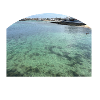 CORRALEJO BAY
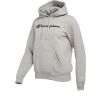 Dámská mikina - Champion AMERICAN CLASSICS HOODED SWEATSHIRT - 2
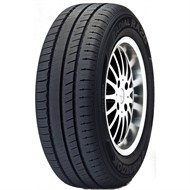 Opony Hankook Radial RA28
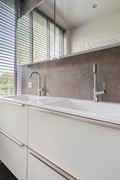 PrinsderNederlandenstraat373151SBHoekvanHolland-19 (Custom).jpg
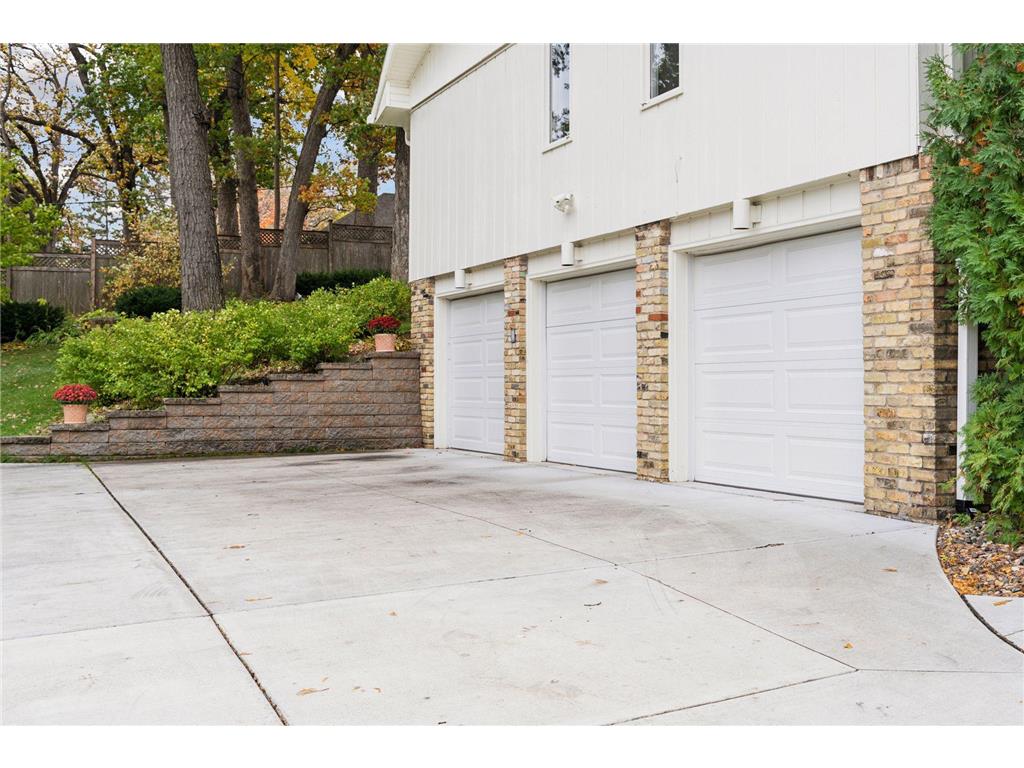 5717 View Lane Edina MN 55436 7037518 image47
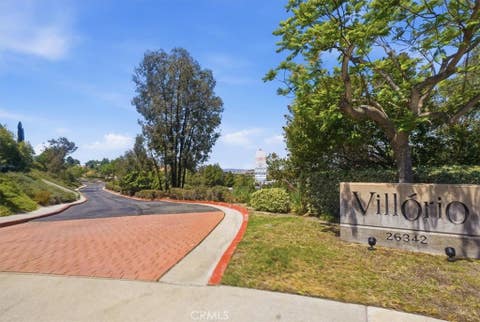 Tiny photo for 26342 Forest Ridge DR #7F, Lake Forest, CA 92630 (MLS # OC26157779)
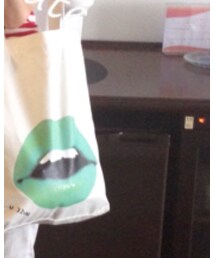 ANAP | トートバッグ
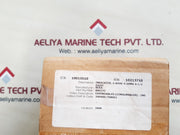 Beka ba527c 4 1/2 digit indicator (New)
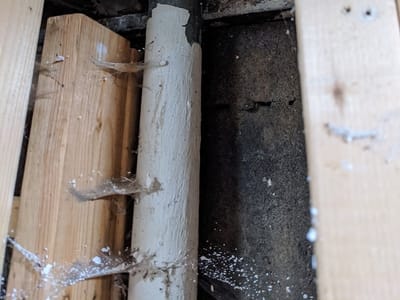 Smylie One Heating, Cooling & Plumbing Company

• **WHAT IS BEING ASKED**
From the line containing "PrinsderNederlandenstraat373151SBHoekvanHolland-19 (Custom).jpg" down to the end of the data above, reproduce each line exactly; no pictures.

• **ANSWER BOX**
 PrinsderNederlandenstraat373151SBHoekvanHolland-19 (Custom).jpg
 5717 View Lane Edina MN 55436 7037518 image47
 Tiny photo for 26342 Forest Ridge DR #7F, Lake Forest, CA 92630 (MLS # OC26157779)
 ANAP | トートバッグ
 Beka ba527c 4 1/2 digit indicator (New)
 Smylie One Heating, Cooling & Plumbing Company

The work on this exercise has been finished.